[Input material]
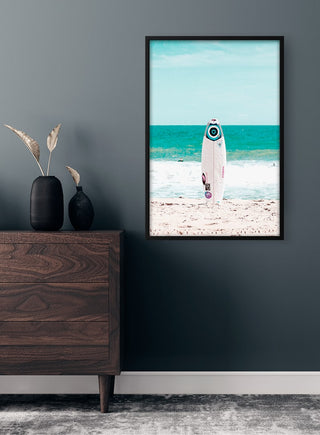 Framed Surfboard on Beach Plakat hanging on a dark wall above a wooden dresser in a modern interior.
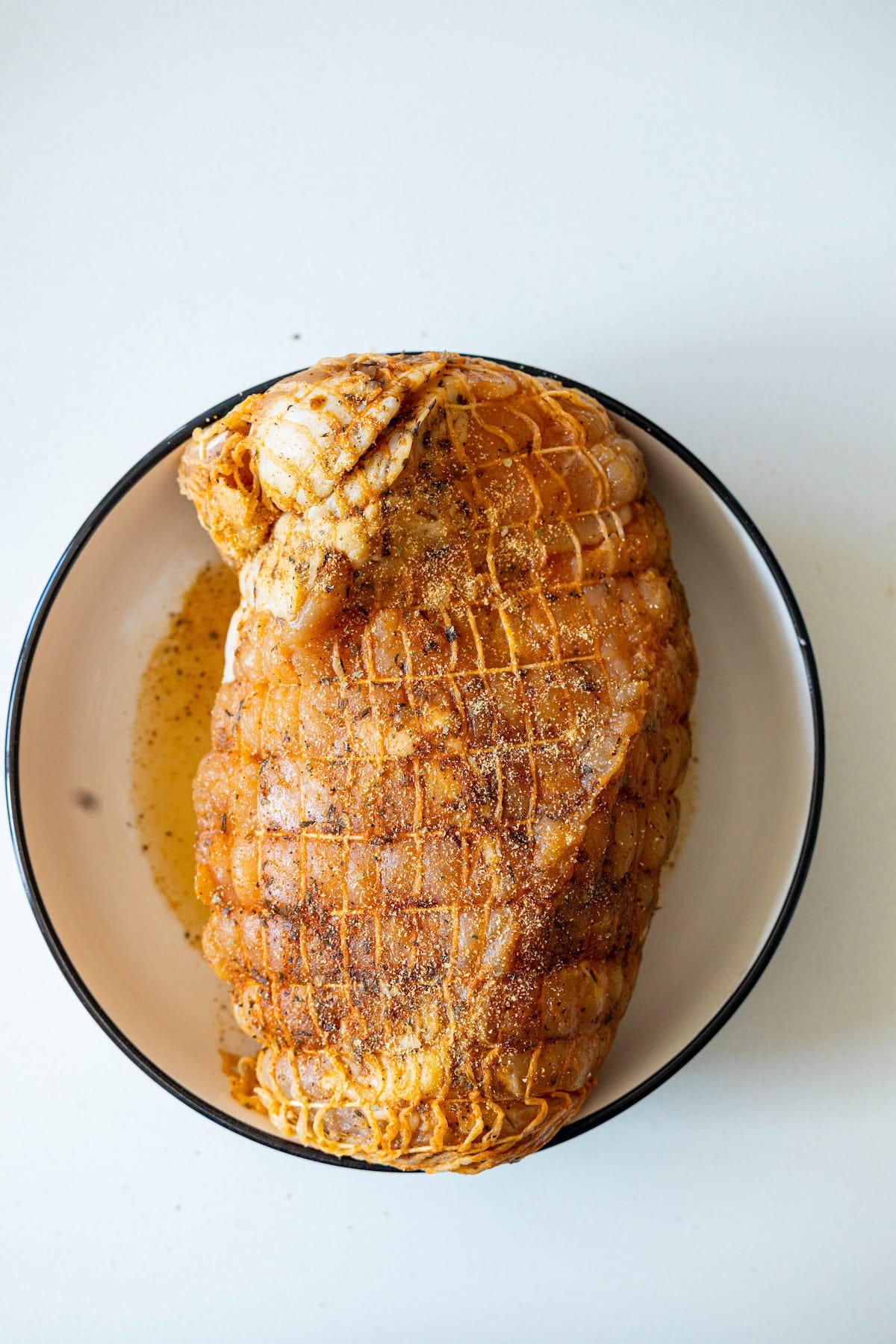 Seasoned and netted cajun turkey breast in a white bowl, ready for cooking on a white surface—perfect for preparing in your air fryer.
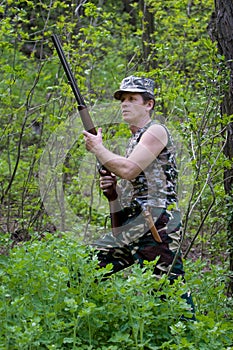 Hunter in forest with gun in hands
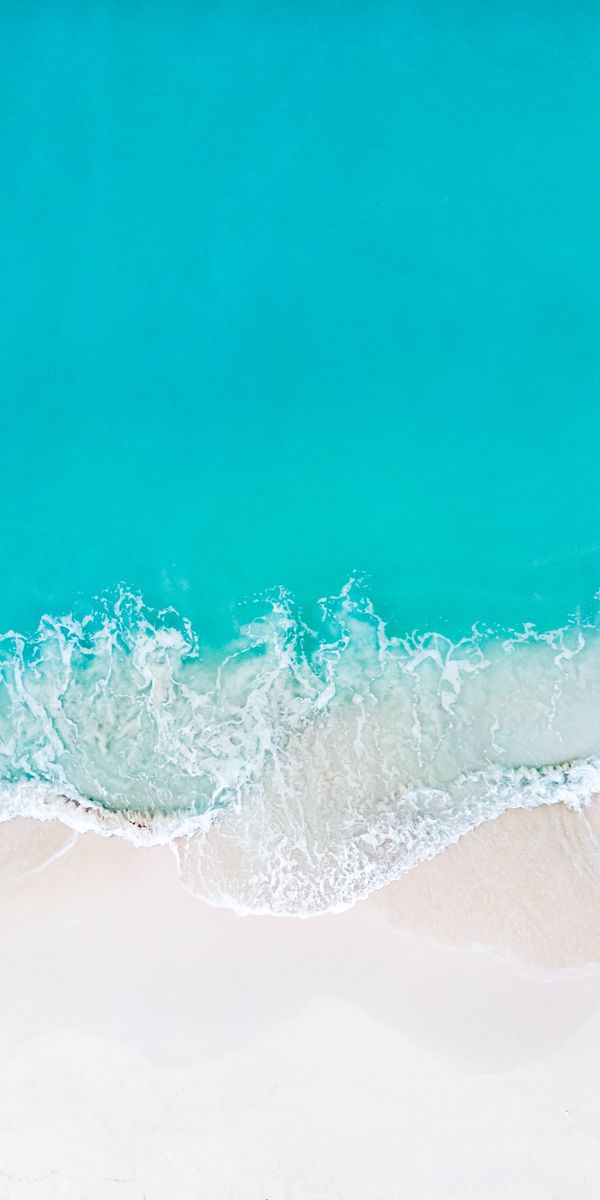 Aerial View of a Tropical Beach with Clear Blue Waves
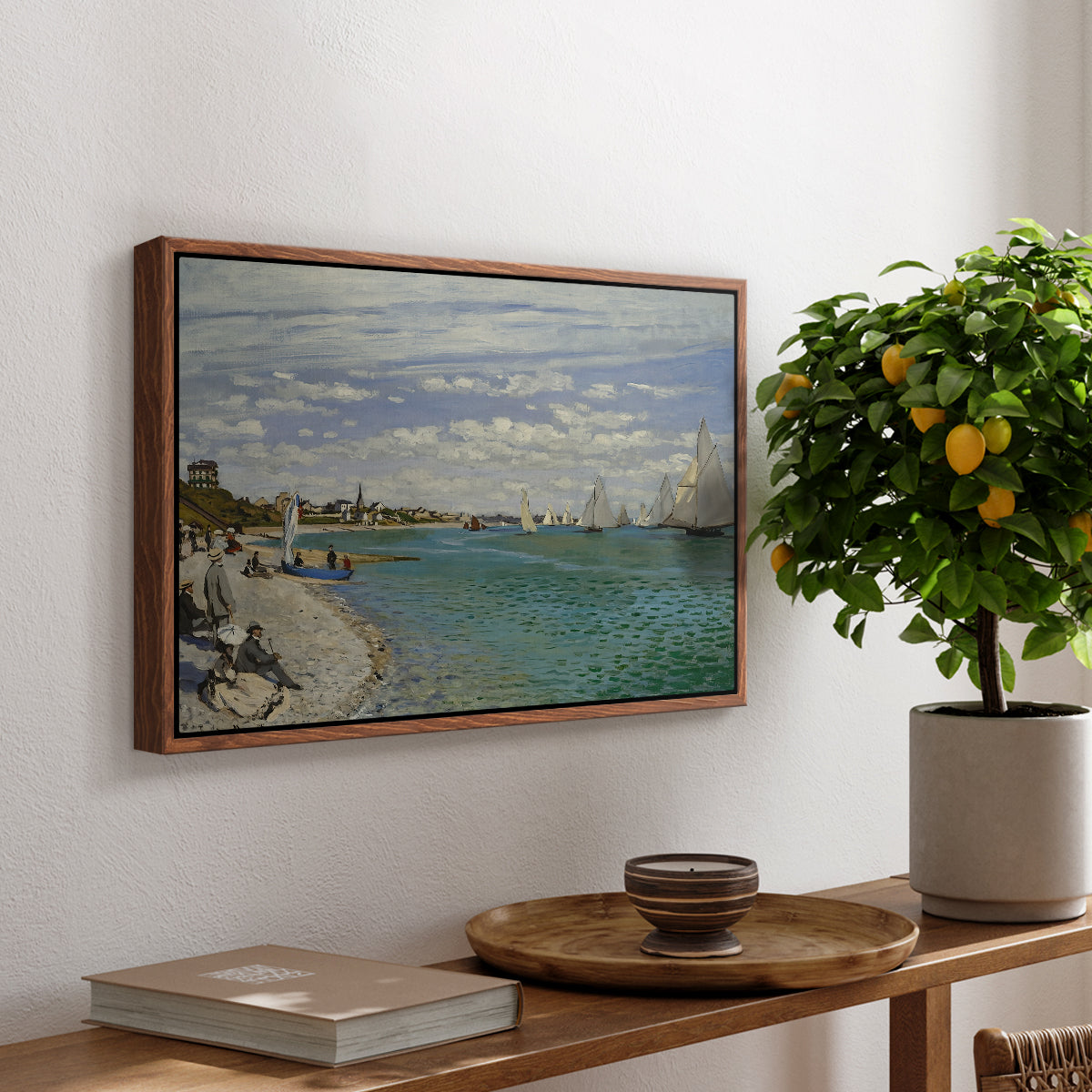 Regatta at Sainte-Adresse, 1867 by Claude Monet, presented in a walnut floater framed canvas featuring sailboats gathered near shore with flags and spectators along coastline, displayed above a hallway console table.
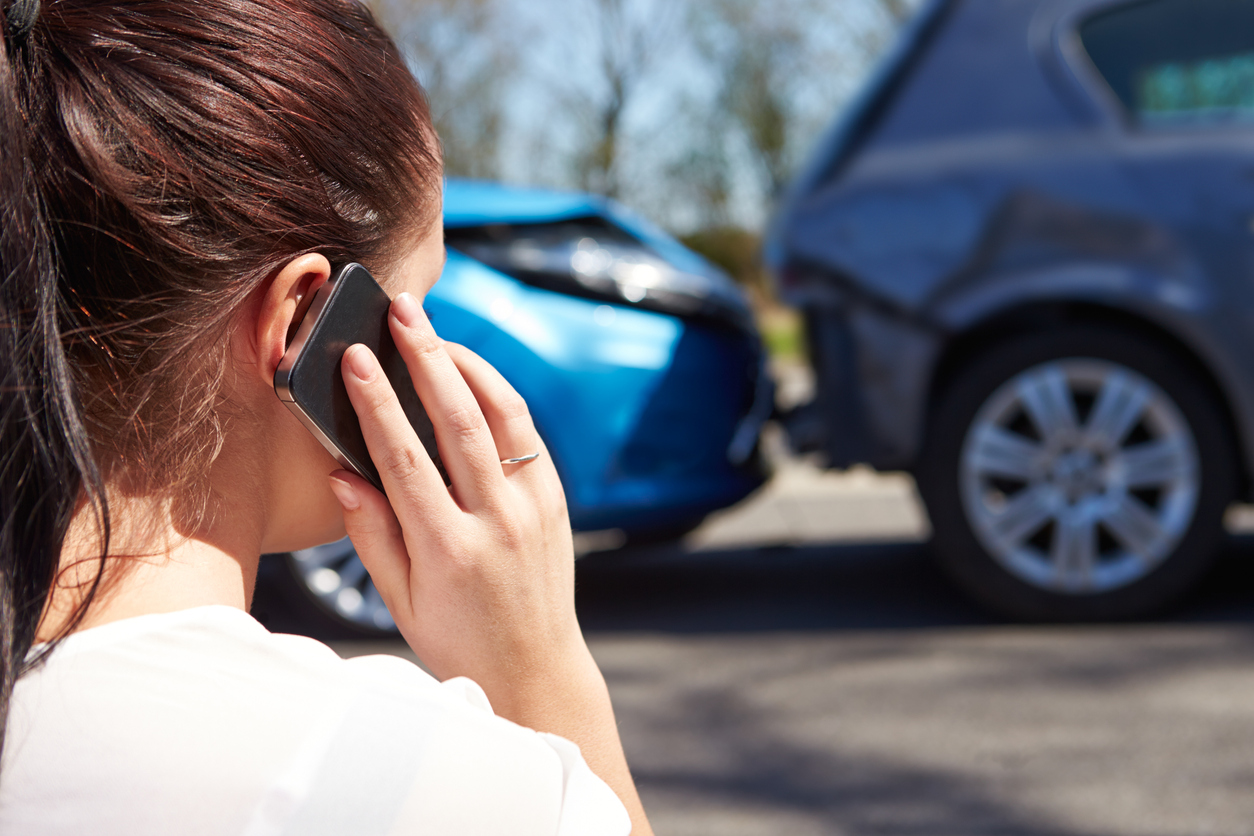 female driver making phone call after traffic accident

[Problem to solve]
Exactly as they stand, write the lines from the one holding "Seasoned and netted" to the end of the material, both ends included. Do not copy the pictures.

[Task solution]
 Seasoned and netted cajun turkey breast in a white bowl, ready for cooking on a white surface—perfect for preparing in your air fryer.
 Hunter in forest with gun in hands
 Aerial View of a Tropical Beach with Clear Blue Waves
 Regatta at Sainte-Adresse, 1867 by Claude Monet, presented in a walnut floater framed canvas featuring sailboats gathered near shore with flags and spectators along coastline, displayed above a hallway console table.
 female driver making phone call after traffic accident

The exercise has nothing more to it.